- Promotion: WWE
- Brand: United Kingdom
- Date: May 7, 2017 (aired May 19, 2017)
- City: Norwich, Norfolk, England
- Venue: Epic Studios

WWE event chronology
| ← Previous Payback | Next → NXT TakeOver: Chicago |

WWE in Europe chronology
| ← Previous United Kingdom Championship Tournament (2017) | Next → United Kingdom Championship Tournament (2018) |

= WWE United Kingdom Championship Special =

2017 WWE Network event

The United Kingdom Championship Special was a professional wrestling streaming event produced by the American promotion WWE. The event was filmed on May 7, 2017, and aired on May 19 exclusively on the WWE Network at 8:00 p.m. British Summer Time (3:00 p.m. Eastern Time).

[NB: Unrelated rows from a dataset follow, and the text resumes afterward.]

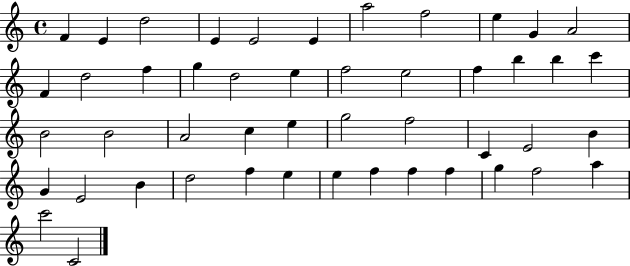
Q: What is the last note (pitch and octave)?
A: C4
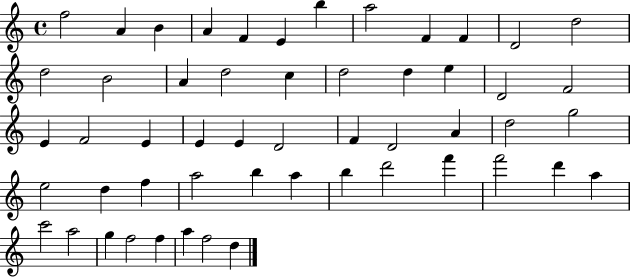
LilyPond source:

{
  \clef treble
  \time 4/4
  \defaultTimeSignature
  \key c \major
  f''2 a'4 b'4 | a'4 f'4 e'4 b''4 | a''2 f'4 f'4 | d'2 d''2 | \break d''2 b'2 | a'4 d''2 c''4 | d''2 d''4 e''4 | d'2 f'2 | \break e'4 f'2 e'4 | e'4 e'4 d'2 | f'4 d'2 a'4 | d''2 g''2 | \break e''2 d''4 f''4 | a''2 b''4 a''4 | b''4 d'''2 f'''4 | f'''2 d'''4 a''4 | \break c'''2 a''2 | g''4 f''2 f''4 | a''4 f''2 d''4 | \bar "|."
}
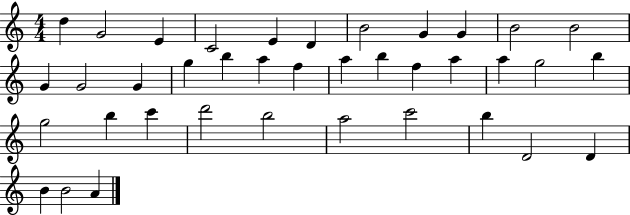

The event was held at Epic Studios in Norwich, Norfolk, England and featured the participation of competitors from WWE's United Kingdom division and the 205 Live program.

==Background==
On December 15, 2016, at The O2 Arena, executive and part-time wrestler Paul "Triple H" Levesque of the American professional wrestling company WWE announced that the following month, the promotion would crown its inaugural WWE United Kingdom Champion. A tournament to crown the inaugural champion occurred as the United Kingdom Championship Tournament event, which took place over two days on January 14–15, 2017. The tournament and championship were won by Tyler Bate, who at the time became the youngest wrestler to hold a WWE singles championship at 19 years old.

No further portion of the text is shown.